WILKES-BARRE – How much more city residents will pay in 2013 real estate taxes is still a mystery, even though a city budget must be adopted within five days.
City Council members said they want to see a budget being revised by Mayor Tom Leighton before scheduling a meeting to vote on it.
Council President Mike Merritt said Wednesday that council was waiting for a revised document to see if Leighton has accepted any of the five-member panel's suggestions. He said council could meet as early as Friday to vote on the budget.
Leighton said he was going to have the revised budget to council members by the end of business Wednesday.
We have to see the budget before we can vote on it, Merritt said. We need time to review it and then we will schedule a meeting. We have until Monday.
Merritt said he expects to pick up his copy this morning.
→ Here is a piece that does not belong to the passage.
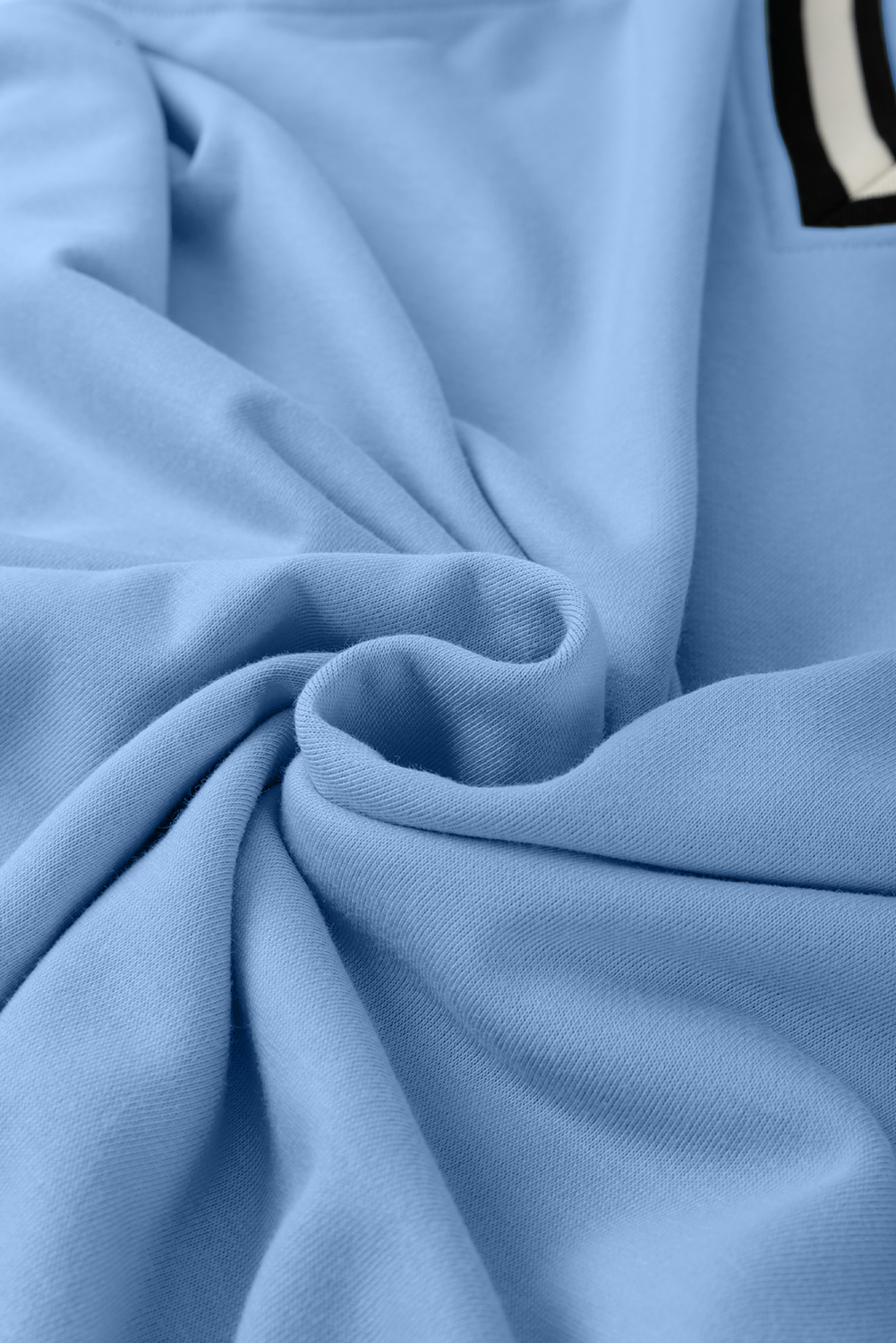 Mint Green Varsity Contrast Striped V Neck Long Sleeve T Shirt Dress with Pockets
Leighton would not disclose revisions. Let council tell you what they cut out, he said.
The mayor also would not say when the 11 firefighters furloughed earlier this month would be recalled, if at all.
Leighton's last 2013 proposal for the $45.8 million budget calls for a 25-mill or 26 percent hike in the real estate tax, along with increased fees for many city services and layoffs.
To reduce the tax hike, Councilman Tony George said he proposed several cuts. George wanted to eliminate four line chief positions in the fire department, then rehire them at another level to get more firefighters on the street working the fires.
George also proposed cuts in the city administration – cuts he said would save $200,000 to $300,000, or several mills of tax.
I'm anxious to see if (the administration) accepted any of our recommendations at all, George said.
George said council recommended eliminating membership to the Pennsylvania League of Municipalities and cutting out travel by city employees.
We've asked for a lot of cuts, he said. We need to get our firefighters back as well – 53 are not enough in the department.
We have two people working in IT (informational technology), George said. The director makes $71,000 and supervises one person. I don't think we need two people in that department.
Merritt and George said they want to see a revised budget and get it voted on this week. If not, they said the original budget will automatically be adopted.
That would mean a 30-mill tax increase and no cuts at all, George said.
Asked if he would vote for a budget with a 25-mill tax hike, Merritt said he would have to wait and see.
I just want to look at the finished product, he said. I'm sure everything will happen quickly. It should come in a flurry, no pun intended.
Last week, City Council approved taking out a $3 million tax anticipation note with PNC Bank to provide the city with funding next year to cover expenses while it awaits revenue payments. The bank agreed to fund the note on several conditions, including the repayment of all outstanding tax and revenue anticipation notes for 2012.
Leighton said the city will meet its obligations for 2012 after facing a $2 million shortfall.
The city has been struggling to close out the year without a deficit due to lower than projected revenues and a delay in payment of earned income tax caused by a problem with CENTAX, the company formerly contracted by Luzerne County to collect and distribute the money to municipalities.
The city is still owed approximately $1 million from the first and second quarters and likely will receive that money next year.
The shortfall resulted in the layoffs of 11 firefighters, four Department of Public Works employees and voluntary furloughs and retirements of employees in other departments. The cuts could be extended into next year.
City Council is expected to get a copy of Mayor Tom Leighton's revised 2013 budget today. If that happens, Council President Mike Merritt said council could meet as early as Friday to vote on the spending plan.